Pence would be Trump’s religious shield: upright, simple and obsequious. Pence
needed only to gush at Trump in public like a teenager in love. Job done.
For four
years, Pence would laud and applaud the boss, loyal as a lap dog.
Then Pence
realized what others already knew: With Trump, all relationships are
transactional, and loyalty isn’t reciprocal.
Pence, the
supposed religious man, had shielded and excused all manner of dishonest and
immoral behavior by Trump, only to be on the receiving end of Trump’s ire. But
still, Pence can’t fully confess to the wrong that he himself wrought.
During the
Trump years, Pence was an enabler and an accomplice. He shared in the cruelty
of it all, the crime of it all, the corruption of it all. This is not to say
that he was always an active participant, but he helped to sell Trump and
consistently defended him.
Yes, Pence
did the right thing on Jan. 6, but that doesn’t change the fact that up until
then, he carried himself like a coward.
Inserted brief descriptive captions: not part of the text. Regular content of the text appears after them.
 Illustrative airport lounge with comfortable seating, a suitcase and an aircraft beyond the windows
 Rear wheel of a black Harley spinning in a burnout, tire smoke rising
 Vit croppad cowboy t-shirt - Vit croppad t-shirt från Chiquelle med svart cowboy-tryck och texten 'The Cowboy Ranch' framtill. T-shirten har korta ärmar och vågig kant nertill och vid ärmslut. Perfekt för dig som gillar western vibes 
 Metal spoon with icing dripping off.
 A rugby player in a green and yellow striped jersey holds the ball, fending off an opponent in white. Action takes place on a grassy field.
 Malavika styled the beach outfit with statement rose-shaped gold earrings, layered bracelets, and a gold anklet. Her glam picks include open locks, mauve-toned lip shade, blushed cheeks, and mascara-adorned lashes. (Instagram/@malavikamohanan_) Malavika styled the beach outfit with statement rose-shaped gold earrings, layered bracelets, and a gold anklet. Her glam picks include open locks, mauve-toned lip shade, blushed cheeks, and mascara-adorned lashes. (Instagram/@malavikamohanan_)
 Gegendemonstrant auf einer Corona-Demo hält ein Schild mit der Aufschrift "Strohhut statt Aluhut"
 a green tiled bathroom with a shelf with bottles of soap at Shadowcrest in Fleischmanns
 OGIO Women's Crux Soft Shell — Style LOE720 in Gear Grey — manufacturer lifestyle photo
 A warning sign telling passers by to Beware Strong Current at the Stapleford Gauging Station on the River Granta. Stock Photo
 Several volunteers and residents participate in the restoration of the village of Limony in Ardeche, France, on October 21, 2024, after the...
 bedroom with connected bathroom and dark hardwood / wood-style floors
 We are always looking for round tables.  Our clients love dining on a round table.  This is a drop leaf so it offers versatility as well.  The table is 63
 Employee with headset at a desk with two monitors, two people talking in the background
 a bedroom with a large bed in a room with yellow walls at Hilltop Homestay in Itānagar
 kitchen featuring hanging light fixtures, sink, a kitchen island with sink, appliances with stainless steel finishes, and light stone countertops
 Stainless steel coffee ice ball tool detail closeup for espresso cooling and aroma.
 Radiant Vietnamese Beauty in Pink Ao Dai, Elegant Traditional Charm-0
When he gave his Wednesday speech, he
even gave a wishy-washy answer to a question about the F.B.I. search of
Mar-a-Lago. He defended the F.B.I. rank and file, but said we can still hold
the attorney general “accountable.” Hold him accountable for what?
This was
just more Pence doublespeak, always wanting to have it both ways.
If I had
ever held Pence in high regard, I would say that I was disappointed in him. But
I never did.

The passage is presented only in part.